ALGUNAS REFERENCIAS HISTÓRICAS:
“Confundir churras con merinas”.
Francisco López Casimiro.
Se ha dicho, creo que con justeza, que “la historia no se ocupa del pasado; pregunta al pasado cosas que le interesan al hombre de hoy”. En más de una ocasión, también en artículos publicados en IDEAL, he hecho referencias a la historia medieval y contemporánea, sabiendo por mi formación que no se puede descontextualizar los hechos. Referirse al pasado no es establecer paralelismo. No soy medievalista, pero estudié en mi lejana licenciatura que hasta el siglo IX los mozárabes convivieron pacíficamente con los musulmanes bajo la hegemonía de éstos, y que fueron aquéllos los que aspiraron al martirio para evitar la defección de los jóvenes seducidos por la cultura árabe. Más recientemente, por mi condición de profesor, basándome en los estudios de los modernos medievalistas como Julio Valdeón, mantengo la misma tesis. La tolerancia religiosa hay que entenderla dentro de sociedades muy sacralizadas. No se puede confundir la España del siglo XXI con Al-Andalus en siglo IX. A la hora de acudir a las citas de autorizados historiadores, no se puede mezclar a un integrista como Simonet con un hombre tan documentado y ponderado como Domínguez Ortiz, al que me guardo mucho de consultar.
Como contemporaneísta, el movimiento laicista lo conozco mejor. Aunque tiene raíces más antiguas, la esencia de la Modernidad es la secularización. El hombre alcanza la mayoría de edad. Ni la jerarquía ni la Iglesia ni religión alguna fundamentan la sociedad. La lucha por la secularización la inician los ilustrados. Consecuencia de la secularización es el pluralismo, y de éste se desprende el laicismo. Lo que propugnan los laicistas es la independencia del hombre y de la sociedad, y particularmente el Estado, de toda influencia eclesiástica o religiosa. Los laicistas no han ridiculizado a los católicos, ya que respetan a todas la religiones, incluida, como no podía ser menos, a la católica. Sin embargo, esta actitud no se ha producido en los dos sentidos: los católicos integristas, en innumerables ocasiones, sí que han pretendido ridiculizar a los laicistas.

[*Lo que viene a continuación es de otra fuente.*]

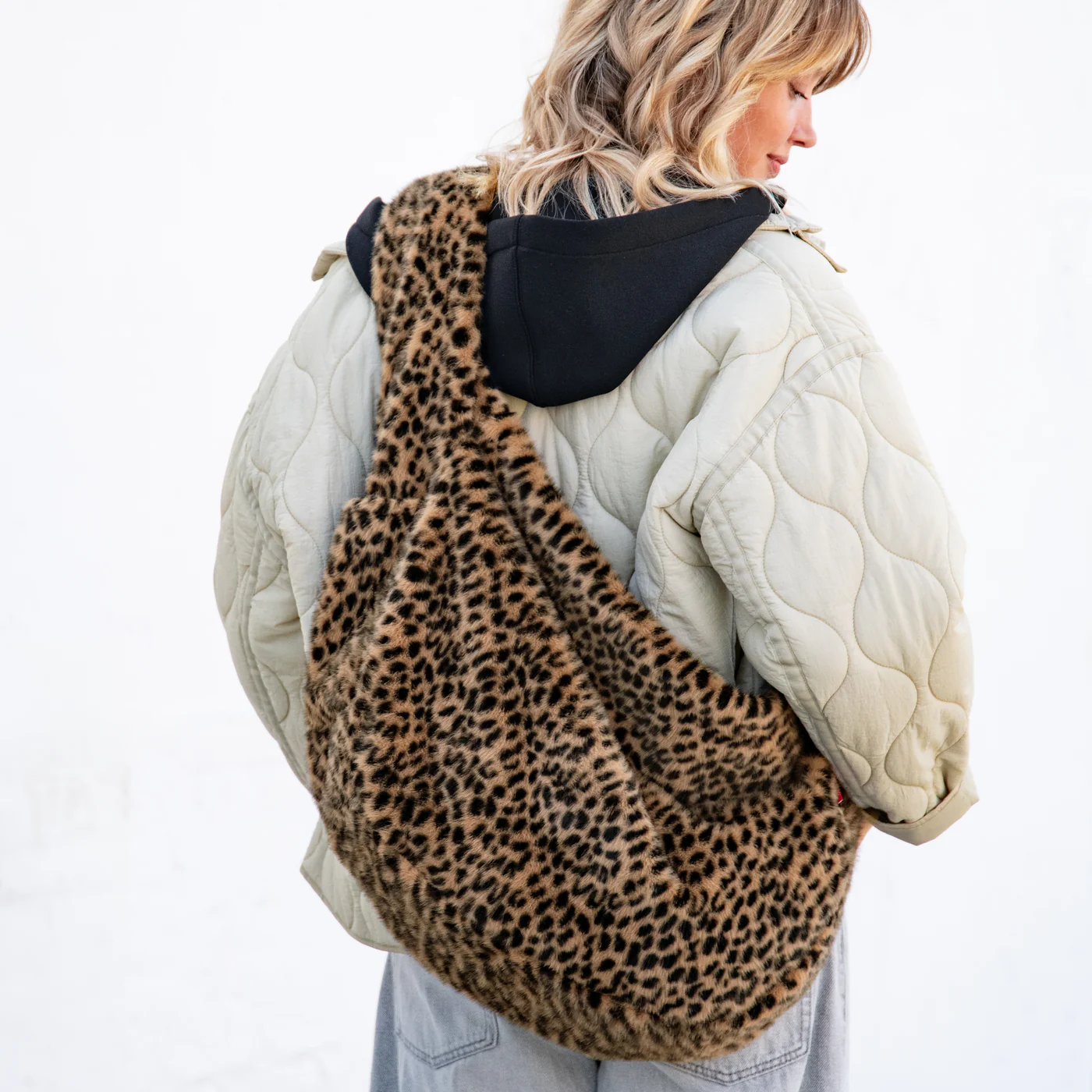 moonbag leo fake fur - Image 3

Los laicistas desaprueban, por ejemplo, la presencia del presidente del Gobierno, el 25 de julio pasado, en la catedral de Santiago, en la ofrenda al Apóstol, donde hubo de escuchar las críticas del arzobispo al programa reformas del ejecutivo socialista. Comprenderían la participación del Sr. Rodríguez Zapatero, a título personal, mezclado con los fieles, pero no como representante del pueblo, elegido democráticamente entre creyentes, agnósticos, ateos y fieles de otras confesiones. También critican la presencia del alcalde y concejales, especialmente de los socialistas, en la procesión del Corpus.

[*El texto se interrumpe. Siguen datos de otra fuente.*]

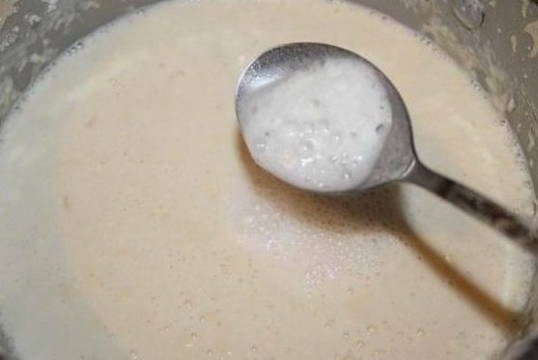 Заварные блины на молоке с кипятком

Pero de lo que están hastiados los laicistas es de los privilegios de la Iglesia católica en España. Por ejemplo, un obispo puede nombrar a un profesor de religión para una facultad universitaria pública, financiada por todos los contribuyentes (independientemente de su confesión religiosa), y que éste, sin pasar por un concurso público de méritos, pueda firmar como profesor universitario. Es más, en caso de que este profesor se secularizase y el obispo lo destituyese y acudiese a los tribunales, de nuevo el Estado, con el dinero de todos los ciudadanos, habría de pagar una millonaria indemnización. El colmo de la arbitrariedad es que este profesor, como “ya está dentro”, pueda impartir algunas horas de Ciencias Sociales y pasar a profesor asociado. De estos chanchullos podrían encontrarse casos en nuestra universidad. Se podría criticar también el “privilegiado trato fiscal” del Estado con las instituciones católicas. El caso más extremo, pero que indudablemente está sucediendo, es el de un ciudadano español no perteneciente a la confesión mayoritaria, por ejemplo un musulmán, quien no solo no puede contribuir al sostenimiento de su religión vía IRPF (como es el caso de los católicos) sino que indirectamente está financiando forzosamente a la iglesia católica. Los acuerdos Iglesia-Estado, que aunque indican que la Iglesia debe tender a autofinanciarse, fijan cada año un importe del orden de 140 millones de euros como estimación de la cantidad que los fieles destinarán voluntariamente mediante algo más del 0,5% de su IRPF y que el Estado, de nuevo en un trato preferencial, se presta a adelantar a principio de año. La realidad es que los fieles españoles, quizás a la vista de casos como los de Gescartera, no contribuyen en la cantidad estimada, no superándose vía IRPF una recaudación de unos 100 millones de euros. ¿Qué ocurre con los otros 40 millones? Pues que el Estado los aporta a fondo perdido, no reclamando hasta ahora su devolución, por lo que todos los ciudadanos, en mayor o menor medida, dependiendo de la casilla elegida en su declaración, financian a la Iglesia Católica. También los musulmanes, budistas, protestantes, judíos, etc, tan españoles como los católicos.
En el tema de la enseñanza, los laicistas defienden como principio que la enseñanza debe ser laica, y la enseñanza religiosa debe impartirse en las familias y en las parroquias. Las actuales sociedades europeas son plurales; las inmigraciones las han hecho multirraciales, de modo que el laicismo puede ser un lugar de encuentro y la solución de muchos problemas. El laicismo es una filosofía que propicia la integración.